La réparation au Sacré-Cœur
Quelques années avant les apparitions du Sacré-Cœur, il évoquait déjà la réparation qui lui est due, insistant sur la nécessité de « demander pardon à ce très bon Cœur de toutes les douleurs, tristesses et angoisses et martyres très sanglants qu’il a soufferts pour nos péchés […] et accepter pour l’amour de lui tous les ennuis, tristesses et afflictions qui nous arriveront jamais ». L’autre grande originalité théologique de Jean Eudes est d’avoir montré aux croyants que tous les trésors d’amour de la Trinité sont à leur disposition pour réparer leurs fautes et obtenir les grâces pour leur salut. Ils peuvent ainsi offrir eux-mêmes l’amour du Fils au Père : « Voilà le divin Cœur de votre Fils bien-aimé, que vous m’avez donné, lequel je vous offre pour satisfaire aux obligations que j’ai de vous adorer, de vous aimer, de vous rendre grâces, de vous satisfaire pour mes péchés. »

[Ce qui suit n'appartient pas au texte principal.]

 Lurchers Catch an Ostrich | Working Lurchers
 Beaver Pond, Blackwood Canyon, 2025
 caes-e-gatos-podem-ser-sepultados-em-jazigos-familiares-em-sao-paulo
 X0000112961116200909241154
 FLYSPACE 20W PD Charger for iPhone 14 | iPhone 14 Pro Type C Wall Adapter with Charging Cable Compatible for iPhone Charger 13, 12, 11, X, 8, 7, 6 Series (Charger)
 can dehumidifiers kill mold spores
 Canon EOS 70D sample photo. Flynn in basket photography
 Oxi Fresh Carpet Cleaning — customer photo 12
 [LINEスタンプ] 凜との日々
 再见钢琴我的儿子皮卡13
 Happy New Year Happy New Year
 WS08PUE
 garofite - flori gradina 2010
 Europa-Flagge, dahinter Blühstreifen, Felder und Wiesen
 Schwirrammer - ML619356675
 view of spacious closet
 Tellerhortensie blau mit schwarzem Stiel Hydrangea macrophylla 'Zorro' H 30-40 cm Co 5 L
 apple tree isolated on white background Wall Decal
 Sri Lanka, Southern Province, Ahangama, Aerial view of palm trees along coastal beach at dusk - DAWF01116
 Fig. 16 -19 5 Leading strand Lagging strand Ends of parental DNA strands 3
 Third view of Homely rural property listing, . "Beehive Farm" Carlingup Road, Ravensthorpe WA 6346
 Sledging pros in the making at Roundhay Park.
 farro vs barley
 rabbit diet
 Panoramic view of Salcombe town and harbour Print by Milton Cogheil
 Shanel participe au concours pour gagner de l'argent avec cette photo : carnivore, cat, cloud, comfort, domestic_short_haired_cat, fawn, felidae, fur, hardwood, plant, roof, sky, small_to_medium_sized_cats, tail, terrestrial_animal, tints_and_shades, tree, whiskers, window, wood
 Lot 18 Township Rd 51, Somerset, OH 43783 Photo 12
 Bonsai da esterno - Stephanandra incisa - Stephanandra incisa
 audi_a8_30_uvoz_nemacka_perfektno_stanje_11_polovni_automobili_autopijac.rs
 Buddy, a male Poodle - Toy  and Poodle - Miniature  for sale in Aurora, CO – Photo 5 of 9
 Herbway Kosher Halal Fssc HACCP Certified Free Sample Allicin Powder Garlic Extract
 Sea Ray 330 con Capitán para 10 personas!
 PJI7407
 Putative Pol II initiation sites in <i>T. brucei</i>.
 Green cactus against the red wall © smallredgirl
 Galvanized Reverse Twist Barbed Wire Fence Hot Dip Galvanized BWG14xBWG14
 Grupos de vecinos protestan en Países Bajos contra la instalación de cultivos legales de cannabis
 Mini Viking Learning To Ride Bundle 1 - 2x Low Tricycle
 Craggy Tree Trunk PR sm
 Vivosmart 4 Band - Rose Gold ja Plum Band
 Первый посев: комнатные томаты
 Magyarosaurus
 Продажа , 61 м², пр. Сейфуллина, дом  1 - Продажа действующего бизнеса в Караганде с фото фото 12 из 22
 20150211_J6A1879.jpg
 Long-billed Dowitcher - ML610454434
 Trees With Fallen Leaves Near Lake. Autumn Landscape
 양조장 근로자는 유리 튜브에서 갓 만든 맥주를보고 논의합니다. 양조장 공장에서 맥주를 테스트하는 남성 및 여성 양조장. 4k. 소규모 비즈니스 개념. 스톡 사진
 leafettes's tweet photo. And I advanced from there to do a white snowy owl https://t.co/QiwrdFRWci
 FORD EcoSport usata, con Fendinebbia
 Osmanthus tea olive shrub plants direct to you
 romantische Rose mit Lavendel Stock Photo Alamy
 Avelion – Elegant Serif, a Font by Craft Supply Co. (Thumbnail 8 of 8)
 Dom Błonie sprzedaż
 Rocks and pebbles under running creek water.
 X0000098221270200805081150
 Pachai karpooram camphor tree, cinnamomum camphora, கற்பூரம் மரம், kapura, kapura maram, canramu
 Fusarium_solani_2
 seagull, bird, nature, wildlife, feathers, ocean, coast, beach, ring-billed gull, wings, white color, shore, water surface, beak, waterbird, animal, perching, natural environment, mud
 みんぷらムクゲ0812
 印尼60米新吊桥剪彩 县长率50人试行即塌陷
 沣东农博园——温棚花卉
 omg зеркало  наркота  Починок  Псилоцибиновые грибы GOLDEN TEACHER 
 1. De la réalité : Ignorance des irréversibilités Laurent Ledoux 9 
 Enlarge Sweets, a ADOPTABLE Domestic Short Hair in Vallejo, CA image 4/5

Son intense désir de permettre à tous de vivre de cet amour divin, le pousse à être missionnaire. Il animera des centaines de missions dans les paroisses normandes et bretonnes, où ses talents de prédicateur font merveille pour la conversion des cœurs.
Former les prêtres
Par ailleurs, dans la lignée de la réforme du concile de Trente, saint Jean Eudes est persuadé de l’importance de la formation des prêtres dans l’édification des fidèles. Cette conviction pousse le Père Eudes à quitter l’Oratoire de Bérulle, où il a été ordonné en 1625, pour fonder la congrégation de Jésus et de Marie – les eudistes –, en 1643. Le but de cette nouvelle société de prêtres est de leur offrir une solide formation spirituelle et intellectuelle, par la fondation de séminaires. Aussi mystique que théologien, il est l’un des maîtres de l’École française de spiritualité, avec Bérulle, saint François de Sales, saint Vincent de Paul…
Sa doctrine a fortement inspiré Pie XII pour sa grande encyclique sur le Sacré-Cœur, Haurietis aquas. Il a tellement fait avancer la doctrine des Cœurs de Jésus et de Marie que saint Pie X, lors de sa canonisation, le nomme « père, docteur et apôtre des cultes liturgiques des Cœurs de Jésus et de Marie », quoique sa cause pour être « docteur » de l’Église n’ait pas encore abouti… Il est porté sur les autels en 1925, en même temps que le Curé d’Ars et Thérèse de Lisieux. Une belle promotion française.